=== TASK DATA ===
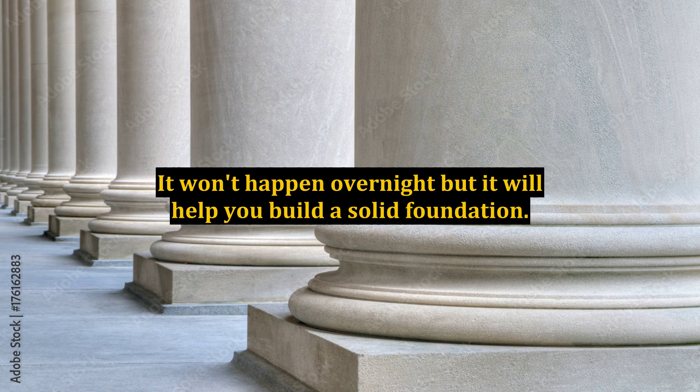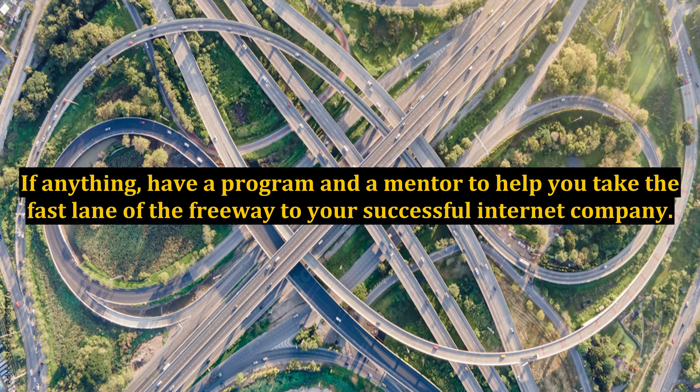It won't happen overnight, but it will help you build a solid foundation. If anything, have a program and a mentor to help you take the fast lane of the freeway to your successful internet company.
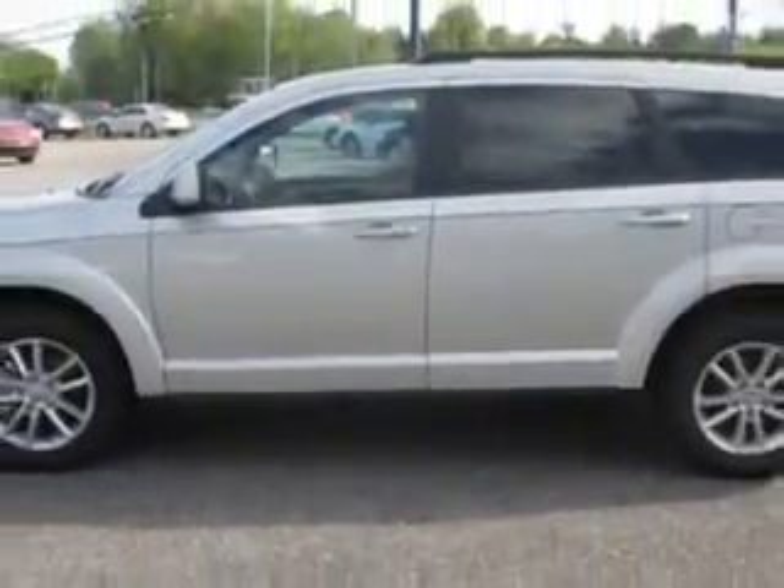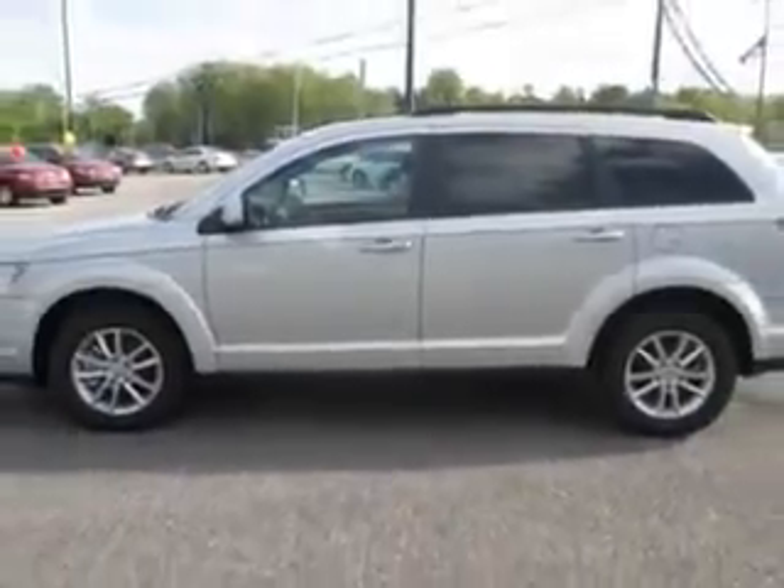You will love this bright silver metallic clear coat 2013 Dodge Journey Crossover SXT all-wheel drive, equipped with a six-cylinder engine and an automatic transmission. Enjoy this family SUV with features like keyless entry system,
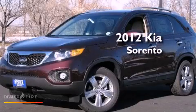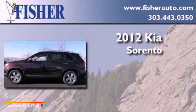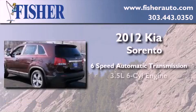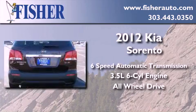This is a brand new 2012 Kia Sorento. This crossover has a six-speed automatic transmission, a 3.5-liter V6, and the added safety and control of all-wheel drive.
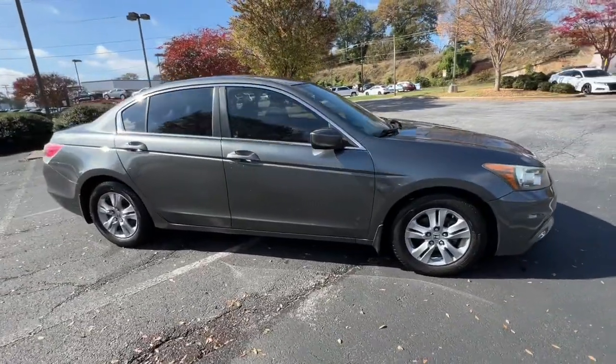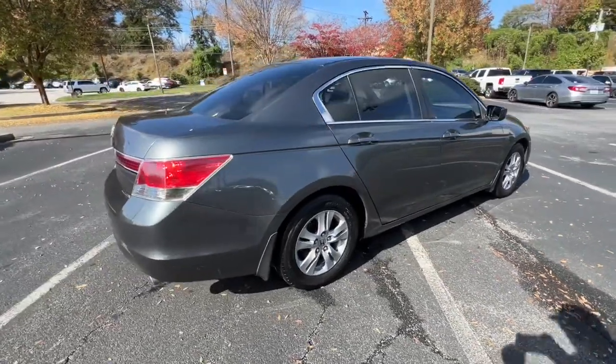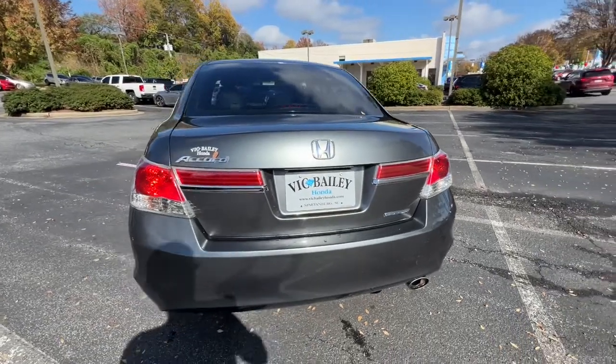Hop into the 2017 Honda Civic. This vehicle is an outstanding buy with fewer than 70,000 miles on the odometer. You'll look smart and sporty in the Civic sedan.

---

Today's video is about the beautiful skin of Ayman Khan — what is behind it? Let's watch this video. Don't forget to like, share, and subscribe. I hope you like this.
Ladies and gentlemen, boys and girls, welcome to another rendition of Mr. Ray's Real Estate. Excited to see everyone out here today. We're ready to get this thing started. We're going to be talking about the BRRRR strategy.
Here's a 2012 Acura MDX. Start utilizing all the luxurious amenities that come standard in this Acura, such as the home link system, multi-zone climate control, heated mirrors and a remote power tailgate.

--

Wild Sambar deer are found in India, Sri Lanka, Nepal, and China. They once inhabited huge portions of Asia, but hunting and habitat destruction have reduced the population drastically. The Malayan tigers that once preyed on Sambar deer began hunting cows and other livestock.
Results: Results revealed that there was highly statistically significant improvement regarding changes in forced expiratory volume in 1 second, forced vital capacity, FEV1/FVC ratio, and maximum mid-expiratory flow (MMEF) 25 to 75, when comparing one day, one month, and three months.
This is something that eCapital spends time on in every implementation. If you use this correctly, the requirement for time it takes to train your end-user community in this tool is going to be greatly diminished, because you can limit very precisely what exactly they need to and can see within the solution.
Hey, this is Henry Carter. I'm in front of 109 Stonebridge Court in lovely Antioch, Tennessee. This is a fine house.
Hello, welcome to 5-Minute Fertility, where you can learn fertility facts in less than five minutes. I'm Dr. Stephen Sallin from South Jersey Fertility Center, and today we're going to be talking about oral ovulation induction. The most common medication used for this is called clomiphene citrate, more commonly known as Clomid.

=== GOAL OF THE EXERCISE ===
Please copy out from the data above, without any picture, exactly the lines running from the one that holds "It won't happen" through the one that holds "You will love", and nothing beyond them.

=== THE COMPLETED TASK ===
It won't happen overnight, but it will help you build a solid foundation. If anything, have a program and a mentor to help you take the fast lane of the freeway to your successful internet company.
You will love this bright silver metallic clear coat 2013 Dodge Journey Crossover SXT all-wheel drive, equipped with a six-cylinder engine and an automatic transmission. Enjoy this family SUV with features like keyless entry system,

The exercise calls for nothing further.